Não fosse a amizade com Olena, tudo teria sido ainda mais difícil para Iryna Smekhno. Fotógrafa, fixando-se em Portugal salvou o filho de ir para a guerra, mas, nunca mais conseguiu trabalhar na sua área. “Em Portugal, as pessoas tiram elas mesmas as suas fotografias e não há tantos pedidos de sessões fotográficas como na Ucrânia”.
O marido ficou em Kyiv, todos os dias em risco de ser levado à força para a frente de guerra. “Agora, na Ucrânia, é comum pararem carros no meio da rua e levarem homens para irem combater obrigados”. Enquanto isso Iryna acompanha o filho em Portugal que, em setembro, entrou na Universidade de Coimbra. O remédio para o seu coração dividido é o “apoio incansável de Olena que tem sempre tempo para organizar um convívio na comunidade ucraniana, ajudar com o português, aconselhar e acalmar o pânico”.
Olena sente que pode ajudar o país onde nasceu, acolhendo quem chega a Portugal “para que se sintam protegidos”. Na sua missão está também “defender as mulheres que não têm respostas rápidas da sociedade e que, com ou sem guerra, ficam sempre muito desprotegidas”, tal como sentiu nos primeiros anos como imigrante.
Sobrevivente
Olena chegou a Portugal em 2004 para se unir ao namorado e com o plano de se licenciar em Economia. A barreira linguística levou ao adiamento do plano de estudos, que ainda é guardado com muito carinho na lista de sonhos.
Os anos passaram sem falta de trabalho e sentia-se realizada por ter o seu dinheiro, o suficiente para ser financeiramente independente. E foi a independência financeira que a salvou, junto com o filho, quando o alcoolismo do ex-marido destruiu o casamento.
Cada vez que o ex-marido chegava a casa embriagado, a violência escalava de gritos para murros no rosto, braços e barriga de Olena. “Quando a polícia chegava e ele já não estava, perguntavam por testemunhas”, Olena respondia “só se for o gato, o meu rosto não chega?”. Então a agressão era registada como “divergências”.
Mulher, imigrante, vítima, Olena sentiu que lhe foi “sonegado o apoio que deveria ter recebido do Estado e da sociedade civil. As respostas demoram quando as mulheres precisam de apoio imediato”. Não foram raras as vezes em que perguntou às forças de segurança “vão agir quando eu for um cadáver, para lamentar a morte de mais uma mulher?”.
Segundo a Comissão para a Cidadania e Igualdade de Género (CIG), em 2023, Portugal registou 22 homicídios voluntários só em contexto de violência doméstica (17 mulheres, 2 crianças e 3 homens).
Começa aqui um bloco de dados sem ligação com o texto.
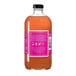 A glass bottle of Stirrings Mai Tai Mix with an orange liquid and a pink label.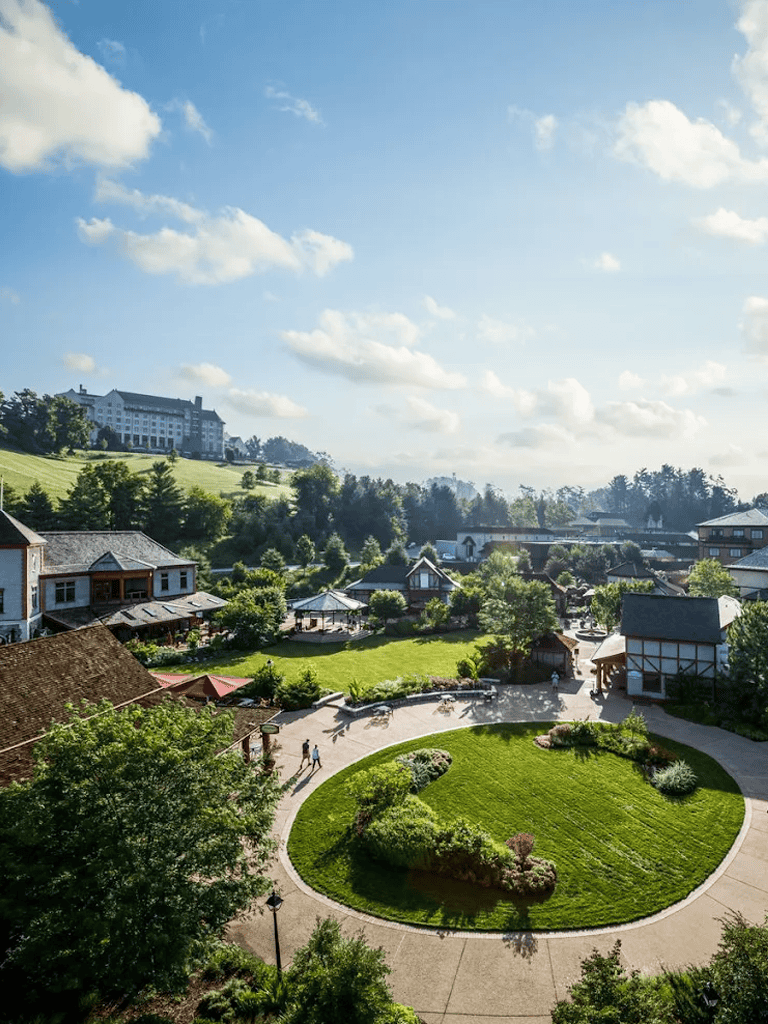 Lush valley with charming small town scene and scenic hillside view under blue sky.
Em 2022, no mesmo contexto, ocorreram 28 homicídios dos quais 24 mulheres e 4 crianças.
Para Olena, os números são muito mais do que uma frase escrita, afinal “vidas não se podem medir com números. O mundo certo será aquele em que nenhuma mulher morrerá vítima de violência doméstica, crime sexual ou homicídio às mãos de um psicopata”.